● Data under study:
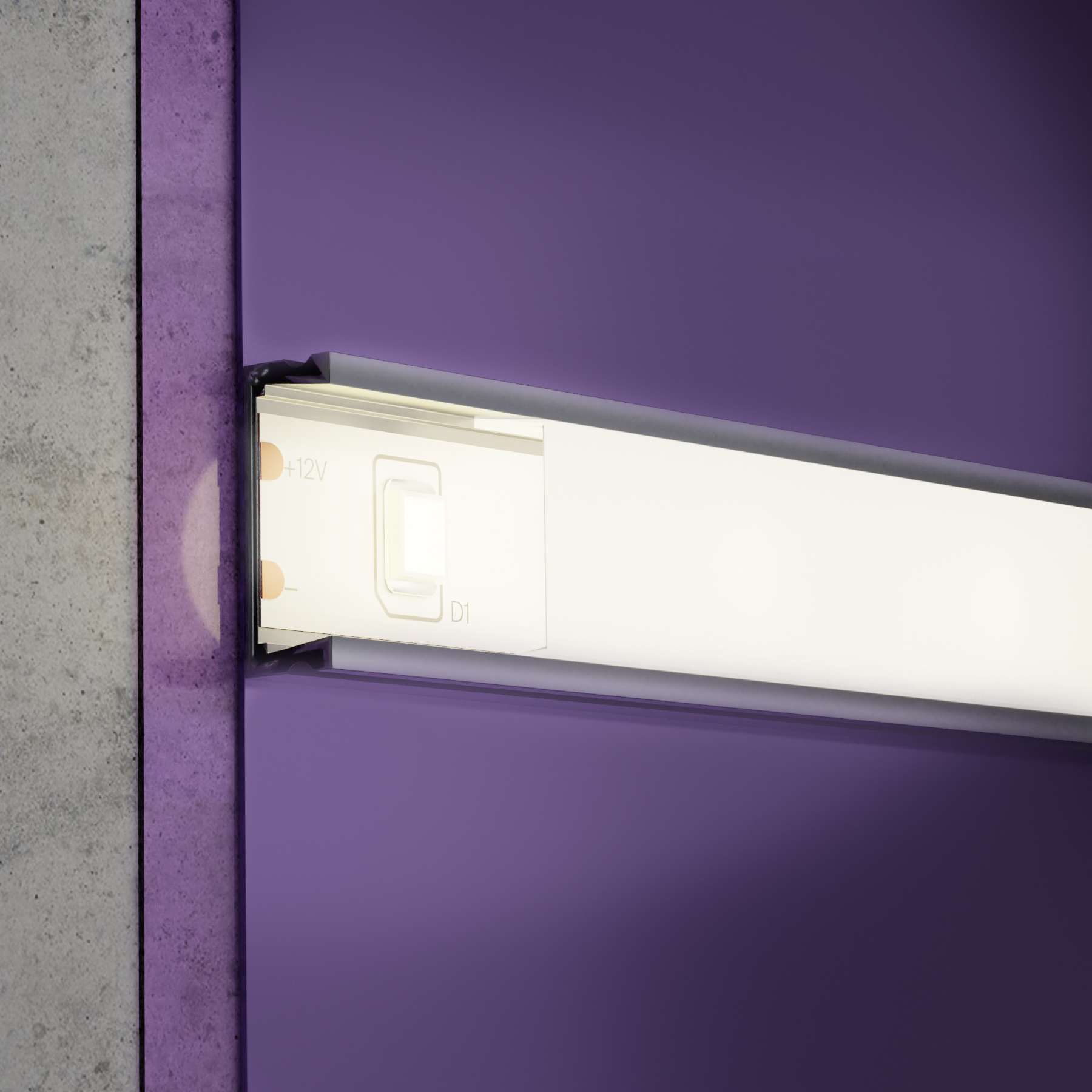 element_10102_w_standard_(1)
---
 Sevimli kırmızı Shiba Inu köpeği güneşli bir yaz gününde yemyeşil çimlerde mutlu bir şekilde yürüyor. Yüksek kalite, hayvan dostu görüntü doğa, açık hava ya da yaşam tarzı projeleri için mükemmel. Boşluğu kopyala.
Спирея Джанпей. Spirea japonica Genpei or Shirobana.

● Your goal:
In the data above, retype exactly and only the lines between the one holding "Sevimli kırmızı Shiba" and the one holding "Спирея Джанпей. Spirea", inclusive.

● Solution:
 Sevimli kırmızı Shiba Inu köpeği güneşli bir yaz gününde yemyeşil çimlerde mutlu bir şekilde yürüyor. Yüksek kalite, hayvan dostu görüntü doğa, açık hava ya da yaşam tarzı projeleri için mükemmel. Boşluğu kopyala.
Спирея Джанпей. Spirea japonica Genpei or Shirobana.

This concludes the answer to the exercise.